Distributed Denial of Service (DDoS) attacks are a popular tool among online troublemakers. But just how bad is it?

Distributed Denial of Service (DDoS) attacks have long been a favorite tool for online extortionists and troublemakers.

In a DDoS attack, a botnet (a network of private computers being remotely controlled by malicious software and without their owners’ knowledge) is used to overwhelm a server or other online target with bogus requests, which either greatly slows down site performance or completely shuts down the target’s ability to service the requests.

In other words, bad guys can take control of your security cam, internet-connected refrigerator, and other connected devices, and tell them to send data requests to a targeted server (belonging to Amazon, for example), overwhelming it. (Think of rush hour in Los Angeles. Everyone tries to drive on the 5 freeway at once, leading to an overall traffic jam.)

In the past, DDoS attacks have targeted corporate sites to force the victim to pay a ransom to obtain relief from the attack.
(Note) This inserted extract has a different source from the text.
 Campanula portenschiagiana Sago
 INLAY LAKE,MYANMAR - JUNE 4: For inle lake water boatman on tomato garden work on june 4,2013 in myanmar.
However, in this, the year of the U.S. presidential election and the year of the COVID-19 coronavirus pandemic, the targets, and intentions behind the attacks have changed somewhat.
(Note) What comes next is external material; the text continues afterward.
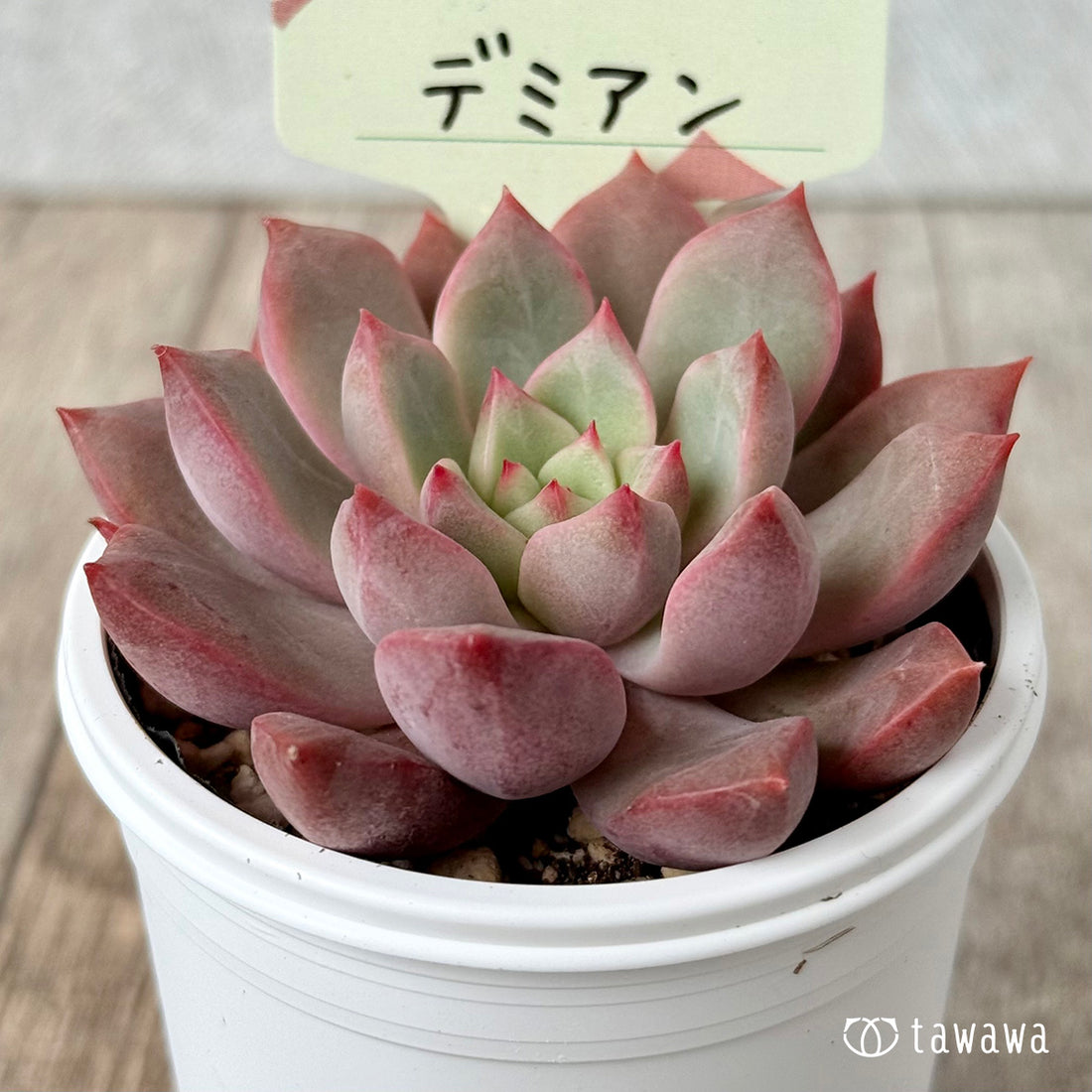 ＊新発売＊　デミアン【tawawaハウス苗】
In this article, we’ll examine the current status of DDoS attacks on the web, how they’ve grown, and how they have changed during the last year or so. We’ll take a look at the how, why, and when of such attacks, as well as the costs and damages.

1. DDoS Attacks Periodically Change Target Focus

2020 was an election year and was also the first full year of the COVID-19 pandemic. This led to a change in the focus of DDoS attacks during the first half of that year.
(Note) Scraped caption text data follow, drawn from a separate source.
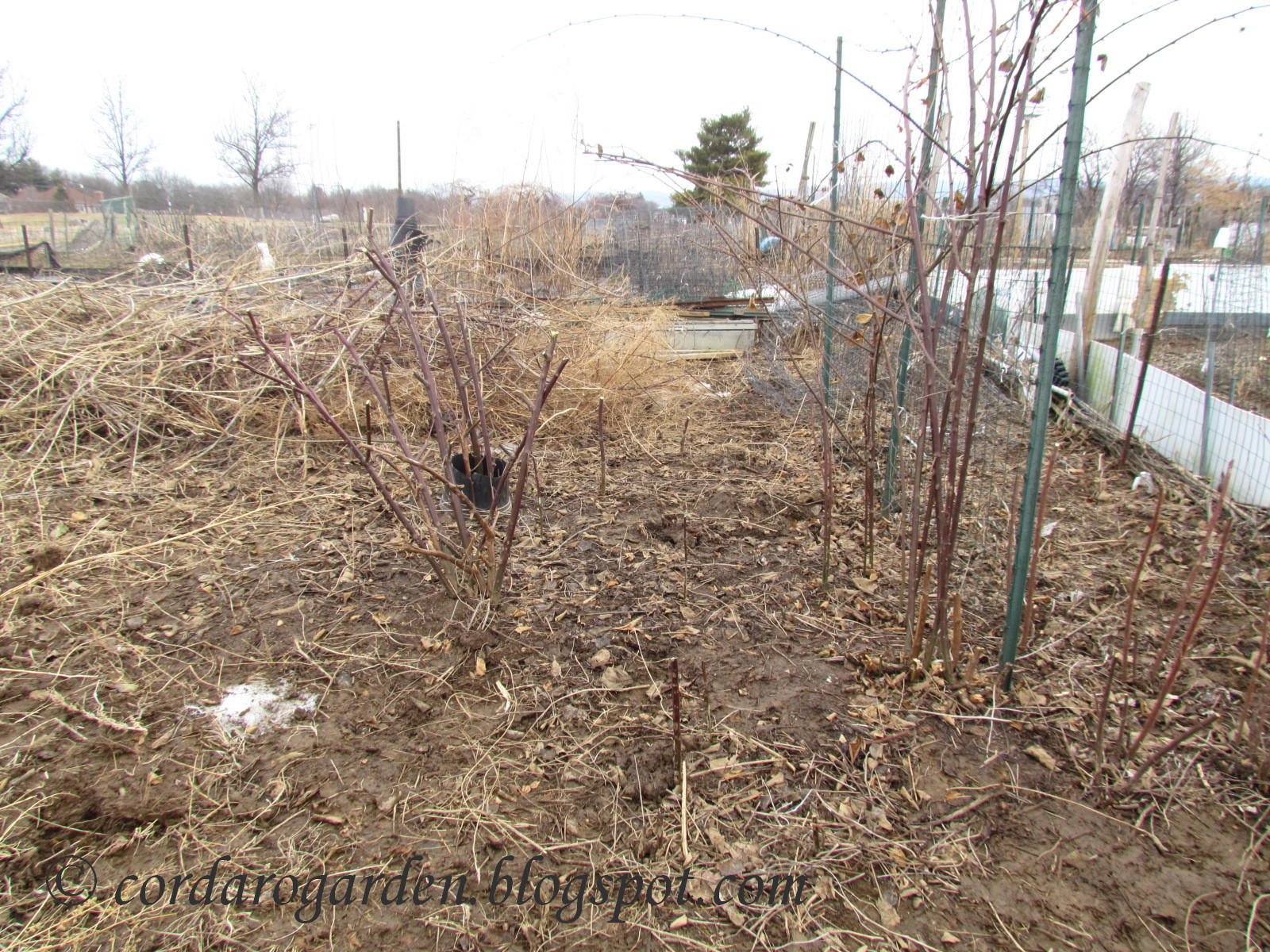 The Gardener of Eden: Clearing out the Plots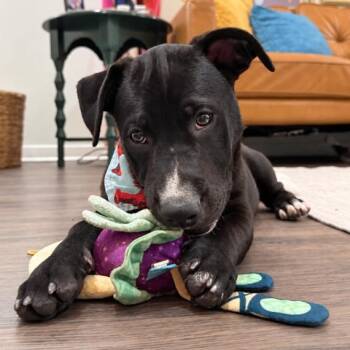 Max Wiggle King Wigglebottom -  Pit Bull Terrier and Husky Dog for Adoption in Friendswood, Texas - Max Wiggle King Wigglebottom | PetCurious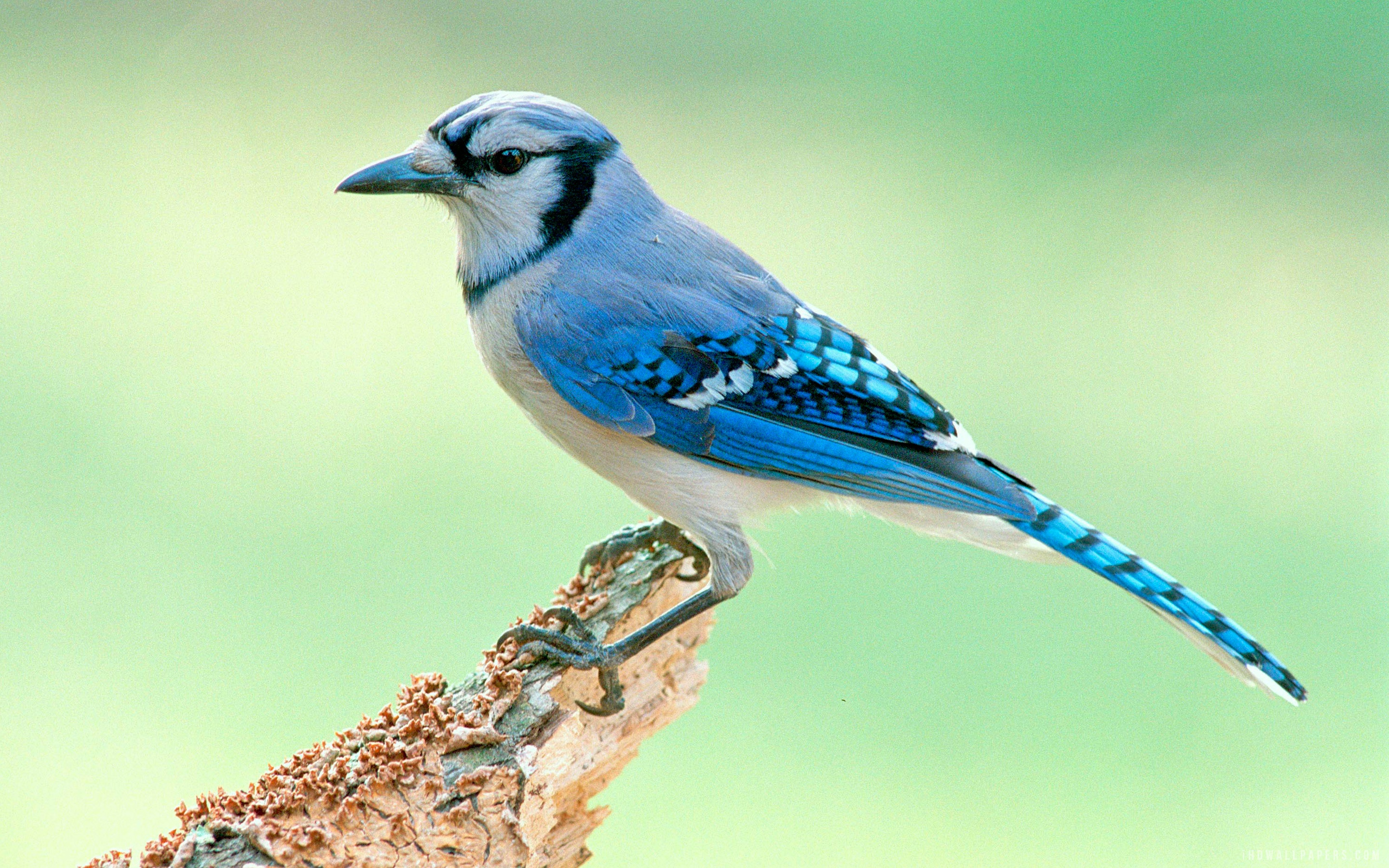 Blue Jay Bird wallpaper. animals and birds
New election-year-related attack targets have included a U.S. voter registration and information website that was hit in early February. Luckily, the website was well protected against DDoS attacks, and this attack failed.

During 2020, due to the COVID-19 pandemic, much of the world’s day-to-day activities shifted to the internet. This included work, shopping, food delivery, school work, recreation like streaming video and playing games, and much more. (Many folks still work remotely, even though many companies have begun telling their employees to return to the office.)

Another reason for the increased use of the internet was that people were searching for information about COVID-19. This made government and health-related websites an attractive target for DDoS attackers.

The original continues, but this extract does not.